For cold conditions, there is a large difference in the total modelled RO2 between the FZJ mechanisms with and without including the additional formation of RO2NO2, with the latter predicting a much lower concentration (by a factor of 7 on average) in the first two hours of oxidation and a much slower increase. When the detectable modelled RO2 are compared to the measured RO2 radical concentrations at low temperatures, the mechanism including non-acyl RO2NO2 formation (FZJ + RO2NO2 model) reproduces the data very well with a model-to-measurement ratio of 0.84, and excellent reproduction of the time dependence. The mechanism without including RO2 + NO2 reactions (FZJ model) can reasonably reproduce the detectable RO2 after one hour after the cis-2-butene injections (average model-to-measurement ratio = 0.8). However, their concentration is largely overestimated by up to a factor of 4.5 right after the injection, with a distinctly earlier concentration peak. The smaller difference between the two model results observed for the second injection of cis-2-butene is due to a larger contribution of CH3O2 (from close to 0% after the first cis-2-butene injection to ∼ 20% after the second). As the reaction of CH3O2 with NO2 is included in both the FZJ and MCM mechanisms, the effect of the correction is smaller.

Differences of total RO2 radical concentrations between the two FZJ mechanisms are also observed in the experiment at medium temperatures. However, the difference is much less pronounced and the average ratio of concentrations obtained between the two FZJ mechanisms is 1.1. A small underestimation of the measured RO2 (by a factor of 1.2) by both mechanisms can be observed by comparing it to the detectable RO2. The FZJ mechanism without alkyl-RO2 + NO2 reactions would predict a small peak of the detectable RO2, while concentrations are better described if these reactions are considered (Fig. 1). From the second injection on, RO2 radical concentrations predicted by both mechanisms converge to the same value.

The measured HO2 radical concentrations are well described by both FZJ mechanisms and agree within 36% (FZJ model) and 21% (FZJ + RO2NO2 model) after the first VOC injection and within 5% (both FZJ models) after the second VOC injection in the experiment at cold conditions and within 7% (both FZJ mechanisms) in the experiment at medium temperatures.

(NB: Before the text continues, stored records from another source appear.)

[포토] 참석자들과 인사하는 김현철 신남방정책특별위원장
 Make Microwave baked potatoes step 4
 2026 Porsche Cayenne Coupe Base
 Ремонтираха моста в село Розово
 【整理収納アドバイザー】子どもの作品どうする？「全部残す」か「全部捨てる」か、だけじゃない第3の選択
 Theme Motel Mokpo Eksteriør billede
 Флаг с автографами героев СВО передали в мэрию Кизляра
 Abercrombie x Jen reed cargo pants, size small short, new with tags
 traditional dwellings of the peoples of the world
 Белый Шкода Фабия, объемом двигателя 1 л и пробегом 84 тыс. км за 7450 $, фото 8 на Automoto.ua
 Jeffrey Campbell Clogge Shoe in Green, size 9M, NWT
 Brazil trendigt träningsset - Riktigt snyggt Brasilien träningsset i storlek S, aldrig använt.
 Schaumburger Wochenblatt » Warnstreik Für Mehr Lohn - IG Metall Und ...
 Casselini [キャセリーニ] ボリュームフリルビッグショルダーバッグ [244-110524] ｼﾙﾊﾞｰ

A comparison of the concentration of acetaldehyde, a major product of the ozonolysis of cis-2-butene, obtained by the different models is shown in Fig. S11 (ESI) for the experiment at cold conditions. The different mechanisms predict similar product concentrations with a model-to-measurement ratio of 0.7.

3.2 Nighttime chemistry of trans-2-hexene

Fig. 2 shows measured HO2 and RO2 radical concentrations for the experiment with trans-2-hexene performed at ≈276 K. In contrast to cis-2-butene, the amount of RO2 that cannot be detected is negligible,10 so that the total RO2 can be directly compared to the measurements.

The addition of RO2 + NO2 reactions leads to a less steep increase of the RO2 radical concentrations which is in much better agreement with the measurements after the first injection of trans-2-hexene (within 2% compared to 20% for the FZJ model). Similar to cis-2-butene, at 276 K the FZJ mechanism expects a fast increase of RO2 radicals, which is not observed in the measurements.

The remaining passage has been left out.